> [Input data]
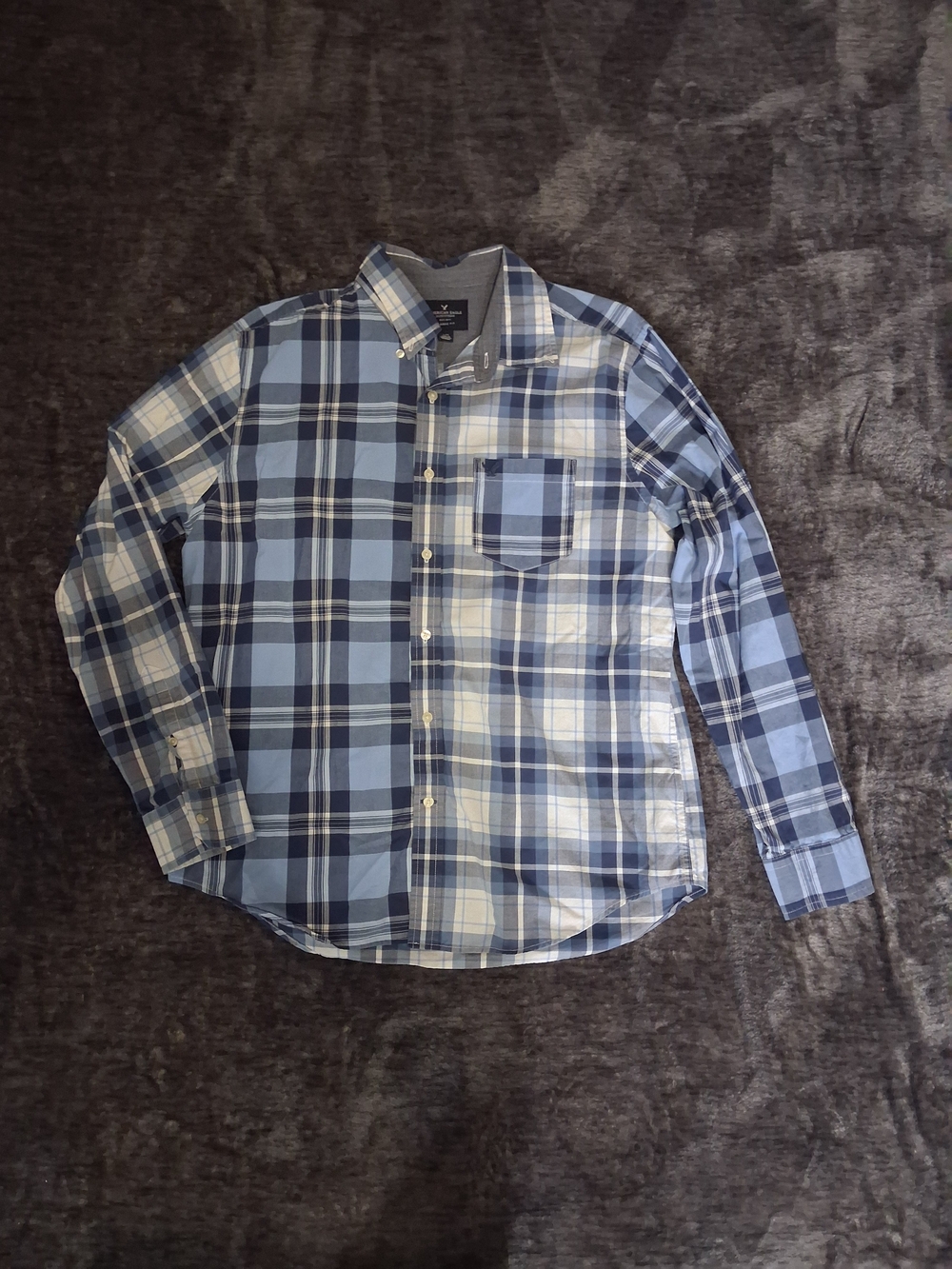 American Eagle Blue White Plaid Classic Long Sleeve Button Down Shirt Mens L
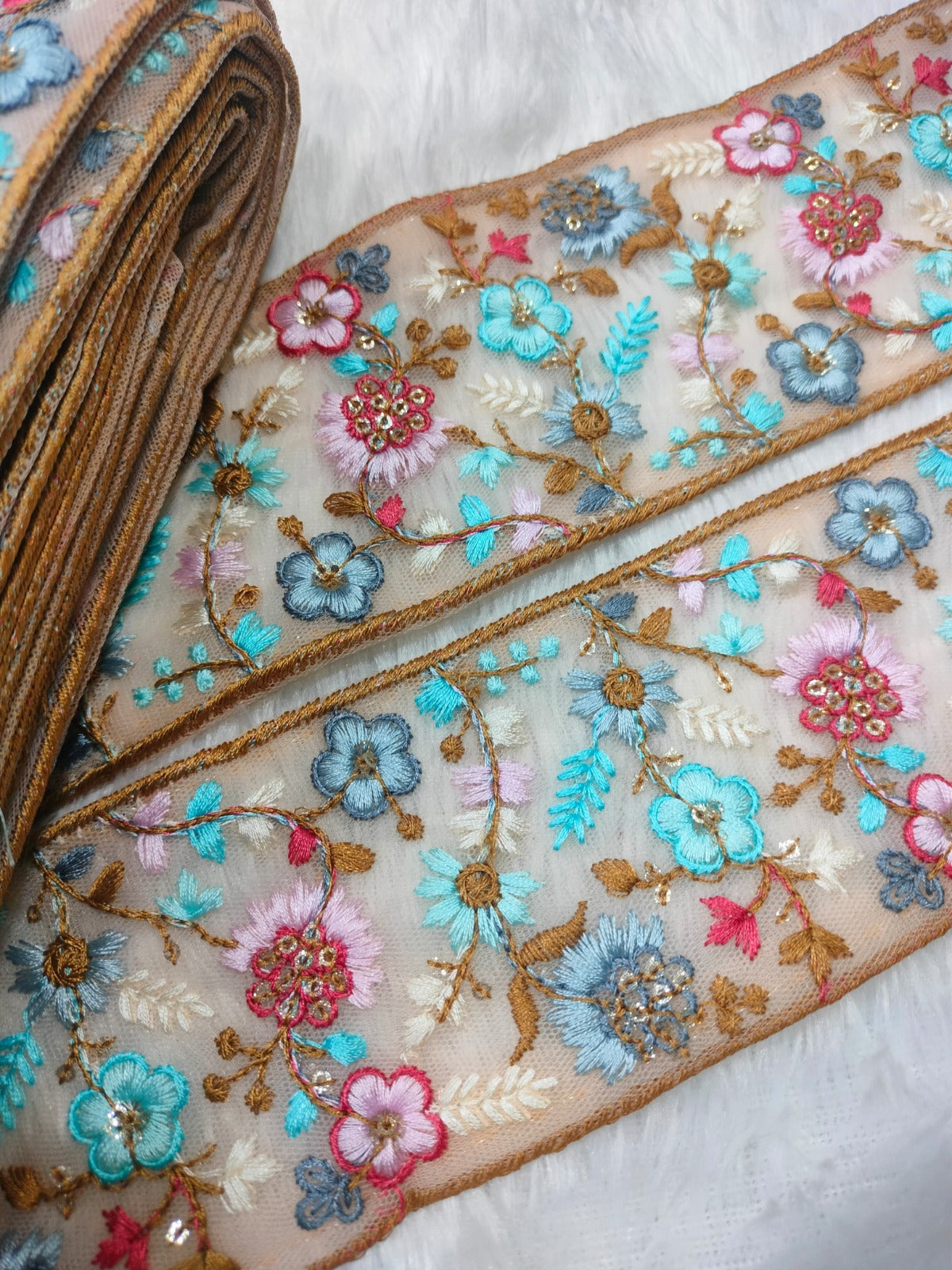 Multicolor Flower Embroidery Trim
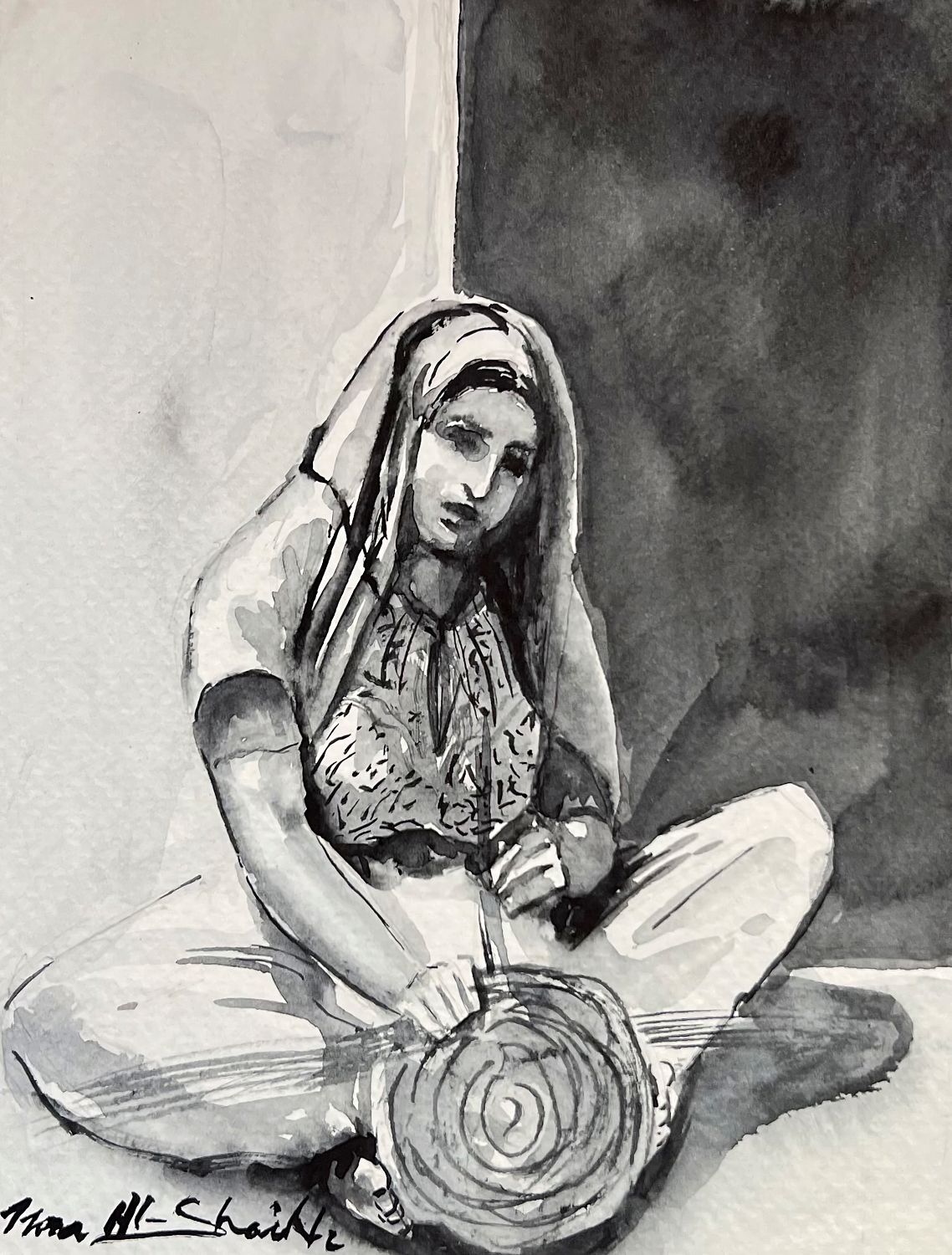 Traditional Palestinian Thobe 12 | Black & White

---

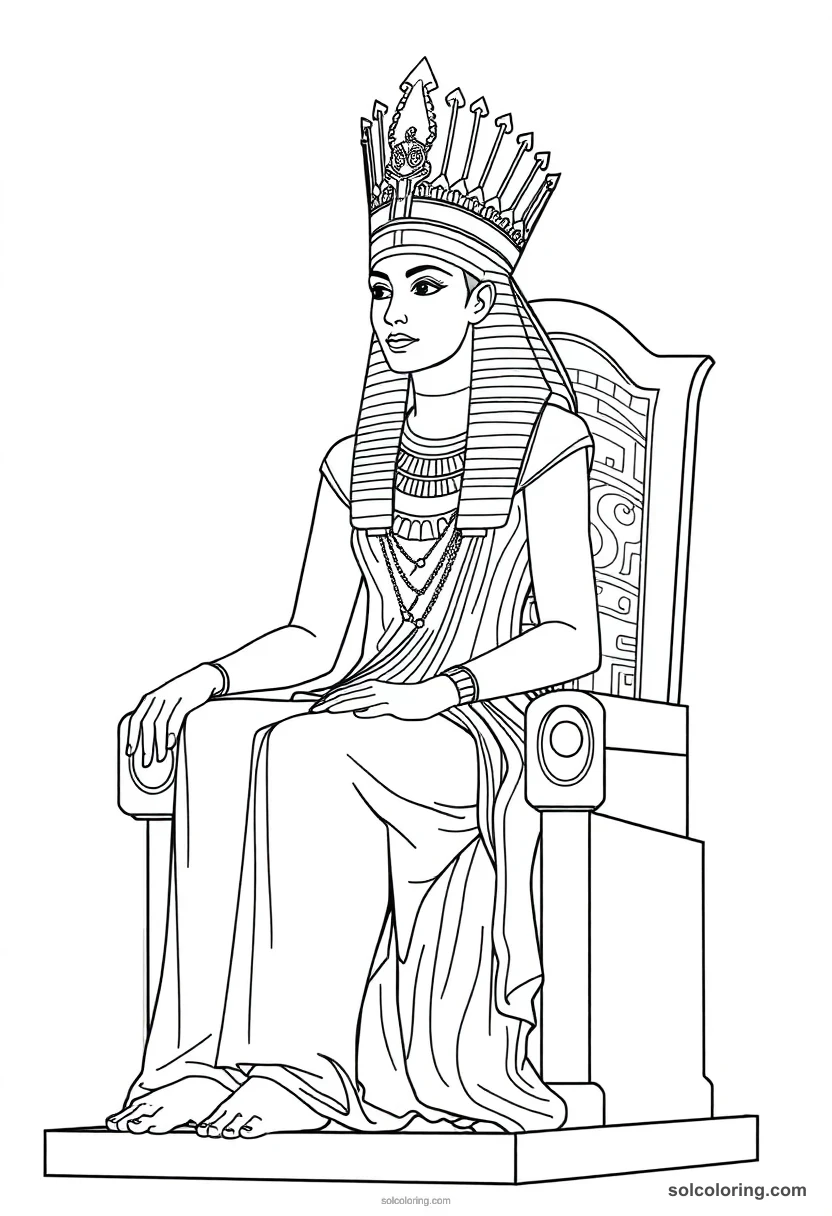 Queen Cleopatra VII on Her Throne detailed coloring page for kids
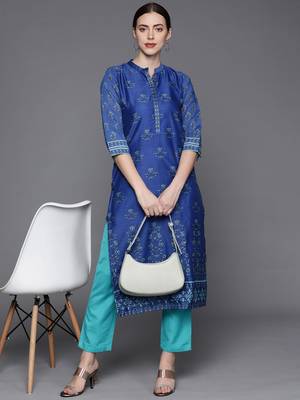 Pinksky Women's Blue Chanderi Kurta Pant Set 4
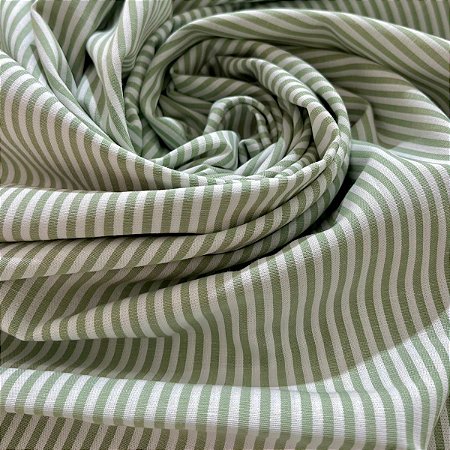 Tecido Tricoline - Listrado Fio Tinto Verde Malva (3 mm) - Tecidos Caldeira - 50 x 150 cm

> [The task]
For the data above, set down exactly the lines from the line with "Queen Cleopatra VII" to the line with "Tecido Tricoline - Listrado", both included, leaving pictures out.

> [Finished exercise]
 Queen Cleopatra VII on Her Throne detailed coloring page for kids
 Pinksky Women's Blue Chanderi Kurta Pant Set 4
 Tecido Tricoline - Listrado Fio Tinto Verde Malva (3 mm) - Tecidos Caldeira - 50 x 150 cm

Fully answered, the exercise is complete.